Avec certaines silhouettes – Mathias, figure terrible d’adolescent tourmenté, ou Isabelle, sympathique prostituée occasionnelle –, le portraitiste est à son meilleur ; et, avec certains détails – les applis de rencontre, les emballements médiatiques, « la meute des réseaux sociaux » –, il dessine un tableau précis de la France contemporaine.

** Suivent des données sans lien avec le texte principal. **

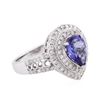 Image 2 : 14KT White Gold 1.56 ctw Tanzanite and Diamond Ring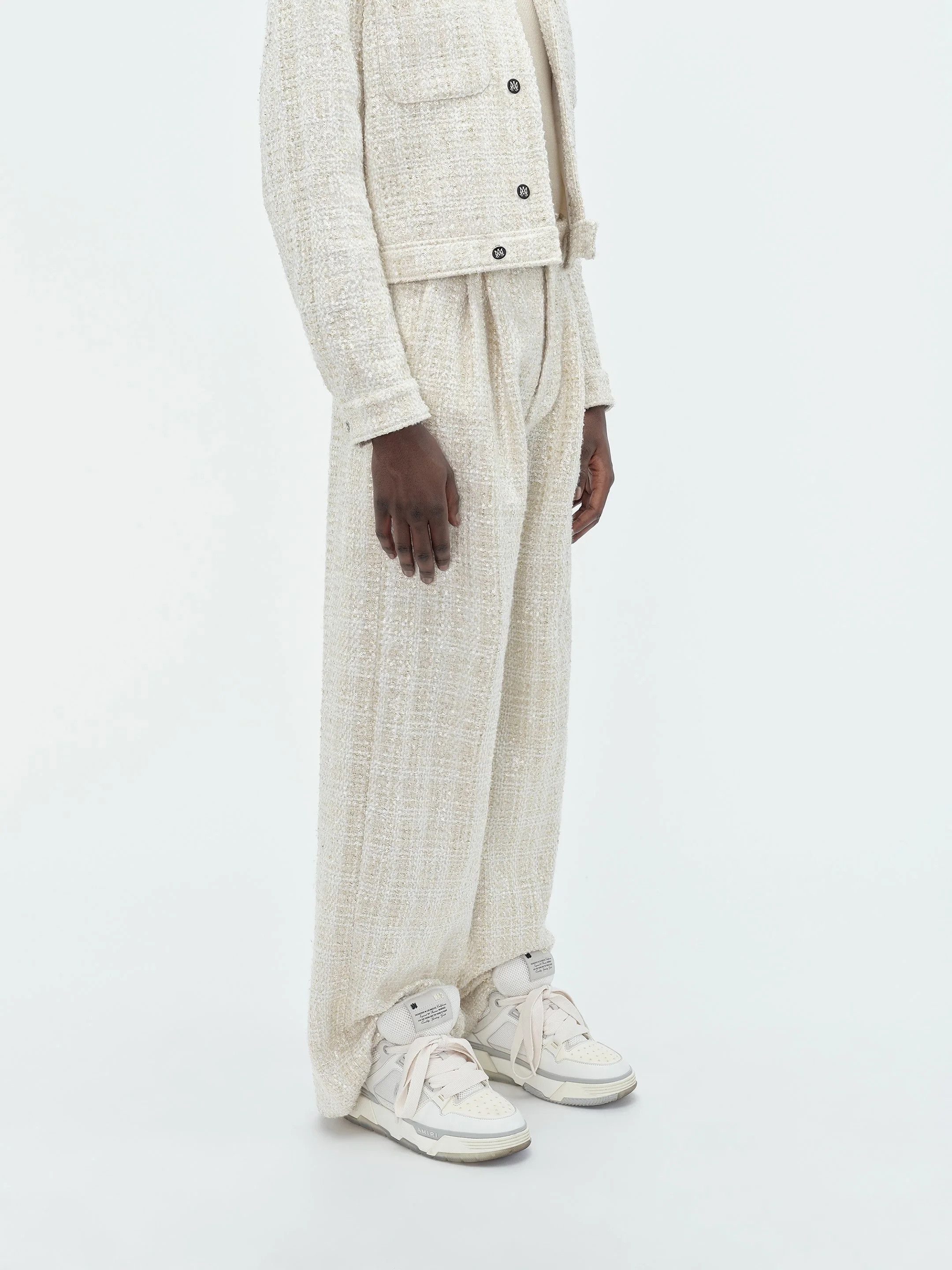 Amiri o1s1wg110525 Sequin Boucle Double Pleated Pant in Ivory Size US 36 / EU 52 - 4 Thumbnail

Quelques lourdeurs mais des formules originales

Tous les personnages entretiennent des liens qui les isolent plus qu’ils ne les rapprochent. L’auteur a choisi pour cela un dispositif narratif où le destin (peut-être), passant d’une langue académique à un style parlé, du lyrisme à la méditation, apostrophe ses créatures, isolées dans des chapitres autonomes, où chacun est renvoyé à sa solitude. Les lecteurs trouveront peut-être que le lyrisme amoureux alourdit certaines pages, alors que l’auteur est très bon dans la verdeur – une des meilleures façons de parler d’amour. Ils regretteront aussi peut-être, dans un autre genre, l’abus d’infinitifs utilisés comme sujet. Mais on oublie ces détails quand on tombe sur des formules originales et imagées : cette corde, dans un suicide par pendaison, comparée à « une alliance que l’on passe au doigt de la mariée » ; ou ce compte en banque «vidé comme on ach[ève] les blessés sur les champs de bataille».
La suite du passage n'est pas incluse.